Repeat each record exactly. Any picture gets left out.

▶ Data to process
········

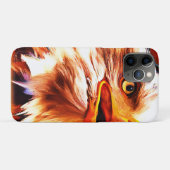 Coques Case-Mate iPhone Peinture d'un Visage d'Aigles Étonnant. Commandez  (Dos (Horizontal))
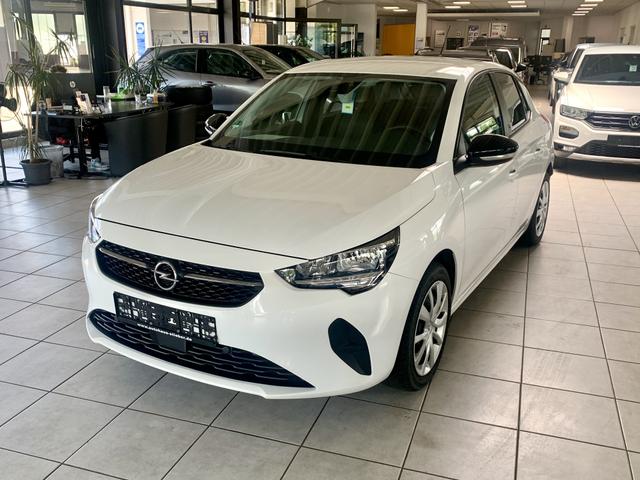 Opel Corsa - Edition SHZ+KLIMA+EPH HI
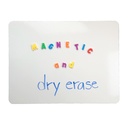 9" x 12" Magnetic Dry Erase Boards Pack of 3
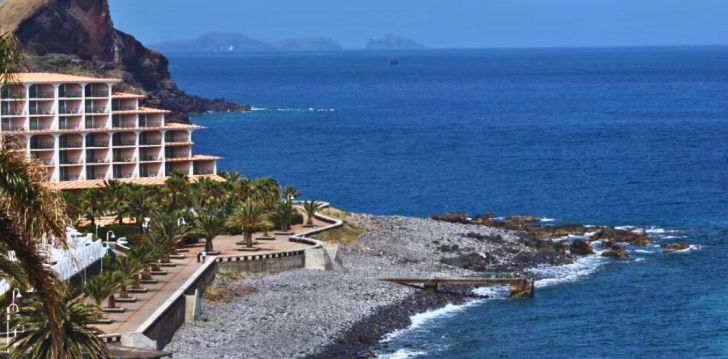 Kaunis Madeira ja puhkus 4* hotellis CANICO BAY! 16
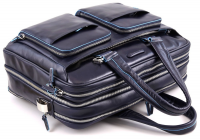 МУЖСКАЯ КОЖАНАЯ СУМКА PIQUADRO CA2765B2/BLU2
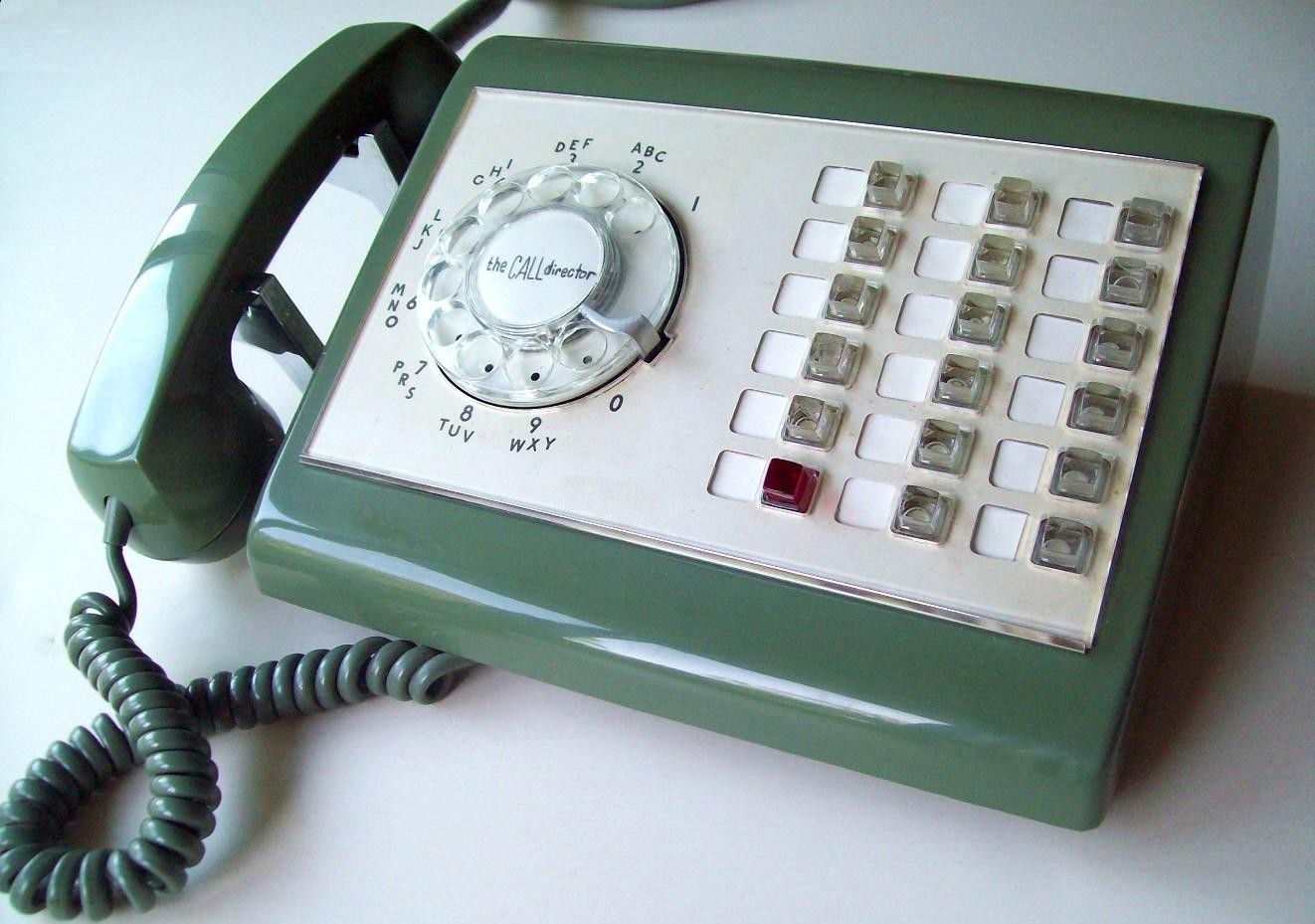 WE Rotary Call Director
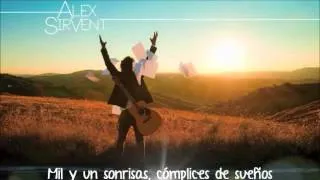 Alex Sirvent   Gracias letra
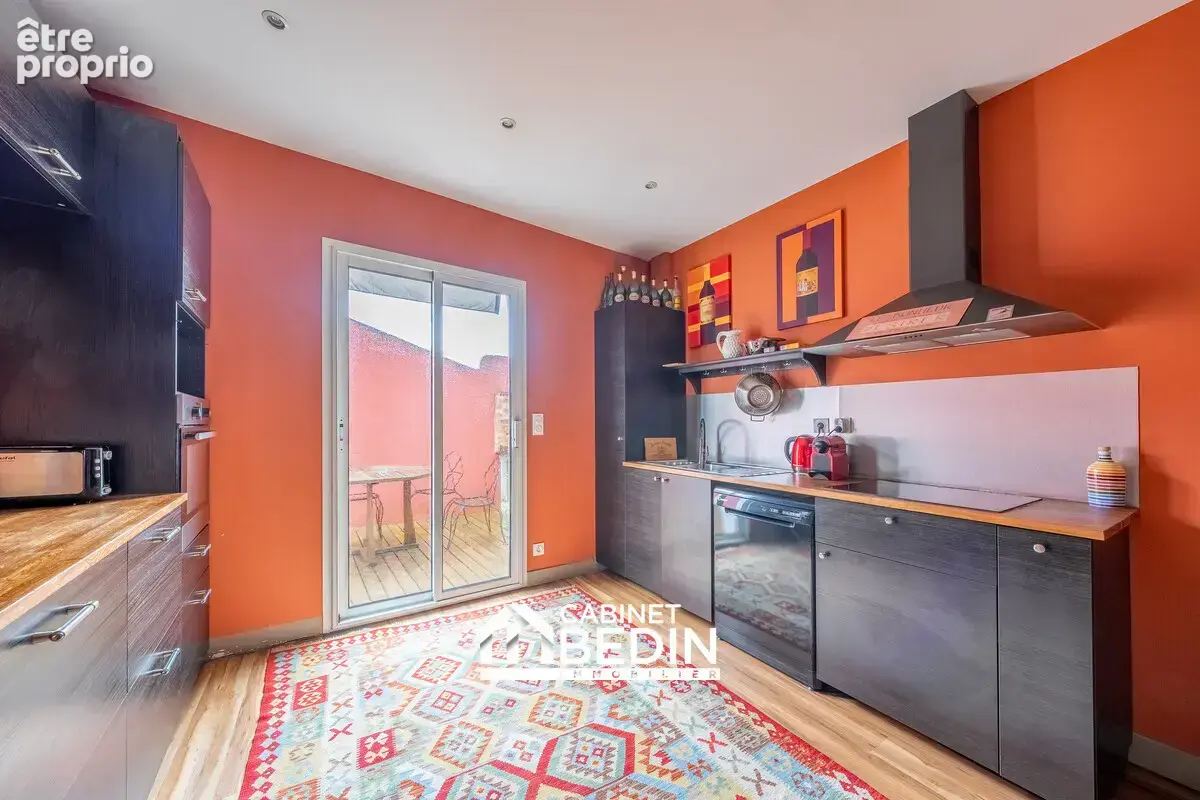 Maison 6 pièces 138 m² à vendre à Bordeaux (33800) - photo 5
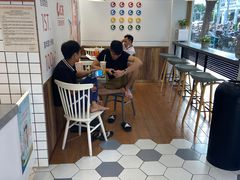 用餐区-汇茶(和平街店)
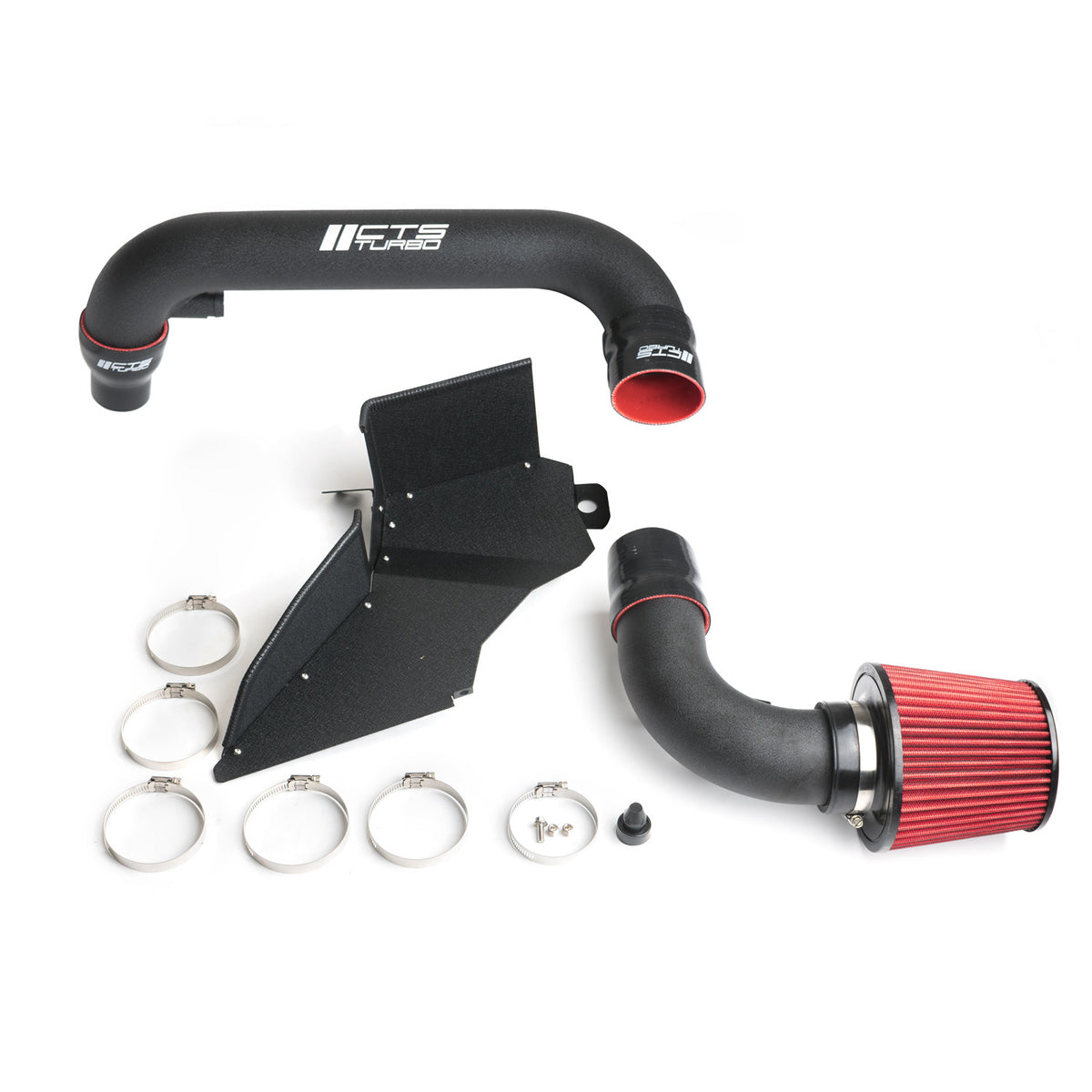 CTS TURBO 3″ AIR INTAKE SYSTEM FOR 1.8TSI-2.0TSI B-CYCLE ENGINE (EA888.3 NON-MQB)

········

▶ Written solution
 Coques Case-Mate iPhone Peinture d'un Visage d'Aigles Étonnant. Commandez  (Dos (Horizontal))
 Opel Corsa - Edition SHZ+KLIMA+EPH HI
 9" x 12" Magnetic Dry Erase Boards Pack of 3
 Kaunis Madeira ja puhkus 4* hotellis CANICO BAY! 16
 МУЖСКАЯ КОЖАНАЯ СУМКА PIQUADRO CA2765B2/BLU2
 WE Rotary Call Director
 Alex Sirvent   Gracias letra
 Maison 6 pièces 138 m² à vendre à Bordeaux (33800) - photo 5
 用餐区-汇茶(和平街店)
 CTS TURBO 3″ AIR INTAKE SYSTEM FOR 1.8TSI-2.0TSI B-CYCLE ENGINE (EA888.3 NON-MQB)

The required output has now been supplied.